Bull Creek Campground was never on my radar. I’d bet it’s not on yours, either.
But with state parks booked at full capacity much of the year, I’ve been on a mission to seek out alternatives, public campgrounds with modest daily rates, and I’ve come across a few gems.
Flagler County’s Bull Creek Campground is easily overlooked. It’s remote, on a lake few know about, and hard to find without GPS.
Maybe that’s why we loved it.
On our visit, there was a glorious sunset every night. Some say the campground offers the finest sunsets in Flagler County.
The night sky sparkles, and you are truly in the middle of nowhere, surrounded by classic Florida wetland forests and sprawling farmlands.
A restaurant at the campground suffered irreparable flood damage from two hurricanes in 2022 and has been demolished.
For kayakers and boaters, every campsite is waterfront.
The namesake Bull Creek is a pleasant, scenic paddle, though not an exhaustive experience. For an open water paddle, Dead Lake is right there, and adventurous paddlers can traverse the Dead Lake to Crescent Lake and even beyond to the St. Johns River, 20 miles by water.
Dead Lake got its name because, historically, it was a dead end, the last stop of steamboat cruises on the St. Johns River, diverting into Crescent Lake to a channel into Dead Lake. The campground was once the site of a hotel, where the steamboats would dock during the land boom of the early 20th Century.
Despite being in the thick of the land boom, there is minimal development in the area close to the campground, at least by today’s standards, and you are 14 miles from the nearest town, tiny Bunnell. Another nine miles down the road is Flagler Beach, an Old Florida beach town.
The Campground at Bull Creek
All 25 campsites are waterfront on level concrete slabs and have full hookups, a picnic table and a fire ring.

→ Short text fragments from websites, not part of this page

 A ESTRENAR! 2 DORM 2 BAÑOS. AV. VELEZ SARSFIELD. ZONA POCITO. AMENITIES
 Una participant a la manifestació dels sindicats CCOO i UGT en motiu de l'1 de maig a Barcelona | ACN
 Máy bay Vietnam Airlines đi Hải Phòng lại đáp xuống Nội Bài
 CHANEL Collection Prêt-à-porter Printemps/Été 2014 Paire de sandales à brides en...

You can moor your kayak, canoe or small boat at any site. If you find the banks tricky, and you might, use the park’s wide boat ramp.
There is ample parking for boat trailers, and docks are available in a small marina near the boat ramp.

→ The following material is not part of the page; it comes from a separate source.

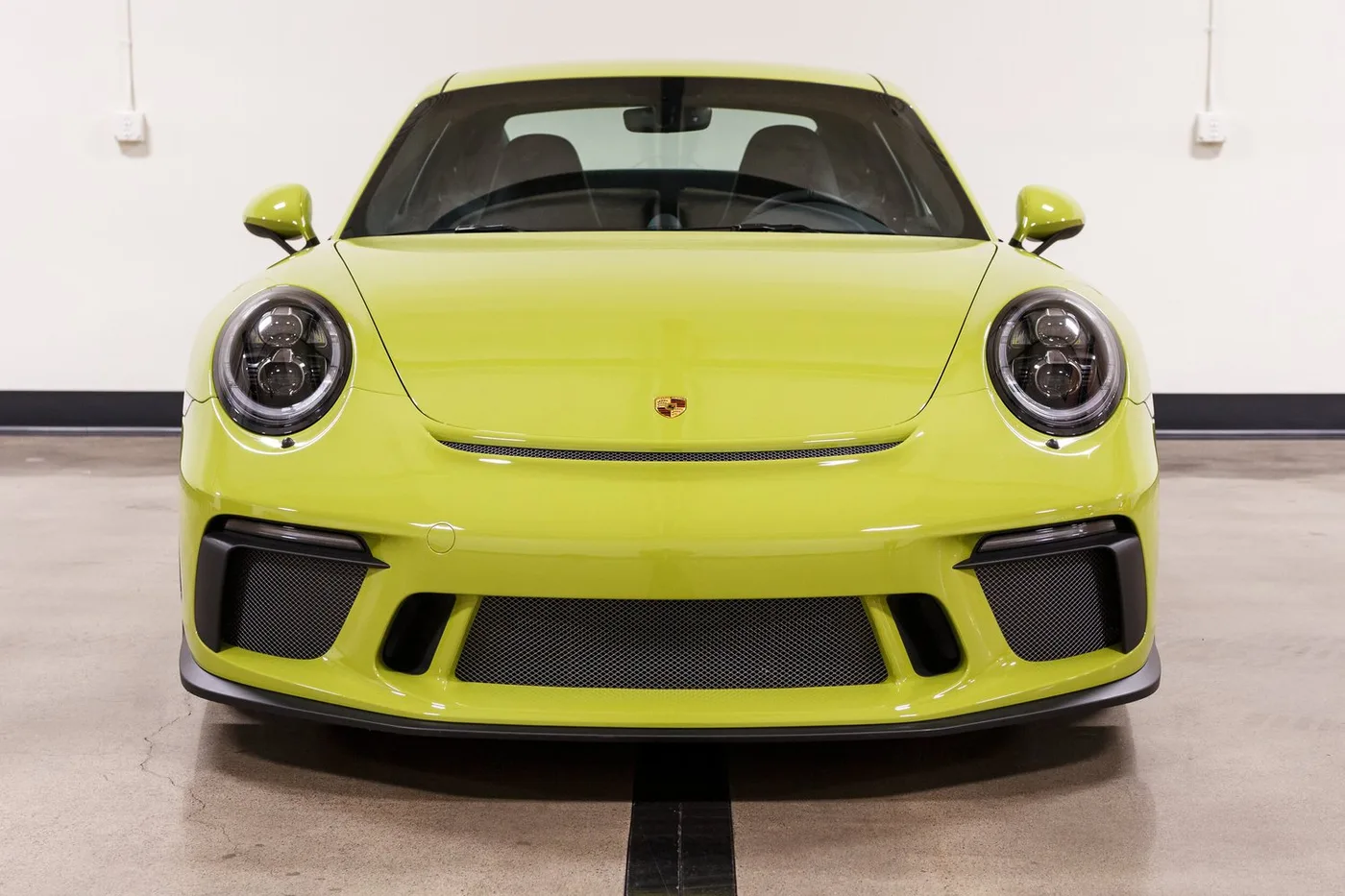 2018 Porsche 911 GT3 Touring sold by a specialist dealer in Costa Mesa, United States, photo 2 of 15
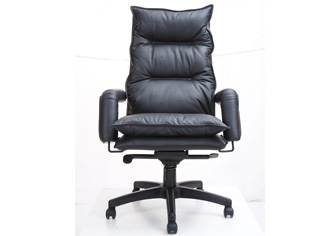 真（zhēn）皮班椅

Best of all, when I looked ahead on the campground’s reservation website, there were plenty of openings for next winter (2023-2024).
There are three distinct campground sections for your recreational vehicle and/or tents.
Boat Ramp Sites
Sites 1 through 10 are closest to the park’s boat ramp. (Site 1 is at the top in the above map, directly adjacent to the boat ramp.) These sites are not overly spacious, but they are adequate for slide-outs and awnings. More suited for RVs than tents.

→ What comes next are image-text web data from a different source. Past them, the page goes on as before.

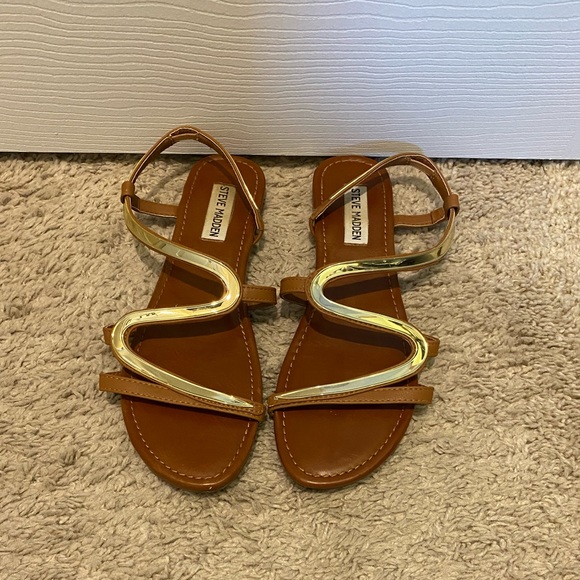Brown/gold Steve Madden sandals - Picture 2 of 2
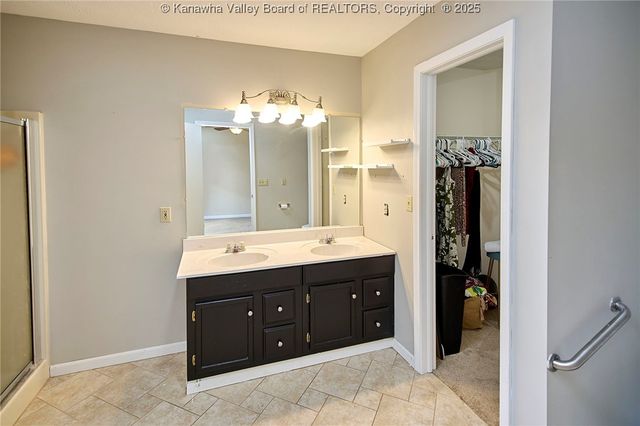 1 Meadow Ridge Drive, Hurricane, WV 25526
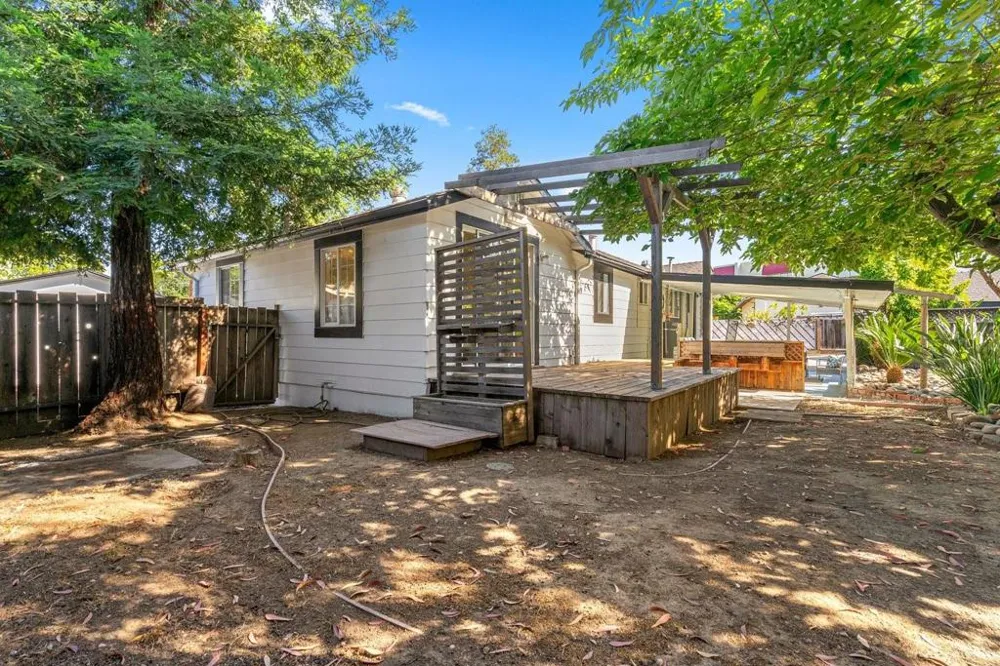1131 Shamrock Drive Campbell, CA 95008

These 10 sites are near the boat ramp and trailer parking, and the ramp gets busy on weekends.
On weekdays, school buses use the park for staging, their diesel engines idling for 10 minutes or more before moving out on their rounds. The park is also a convenient turnaround for other vehicles roaming these remote roads. The campground does not have a gate, and the traffic, although not terrible, could be a problem if you’re a light sleeper.
An Island Pod
Sites 11, 12 and 13 are on their own little peninsula with large, grassy common area for tents and toys, surrounded by water on three sides.
These sites would be perfect for small groups of friends or multiple families, if you can book them together at the same time.
The sites are set back from the park road just enough to afford a degree of privacy.
Sites 14 through 25 are on a larger peninsula off to the side of the park, set back from the park entrance road, providing a semblance of isolation and quiet from park activity.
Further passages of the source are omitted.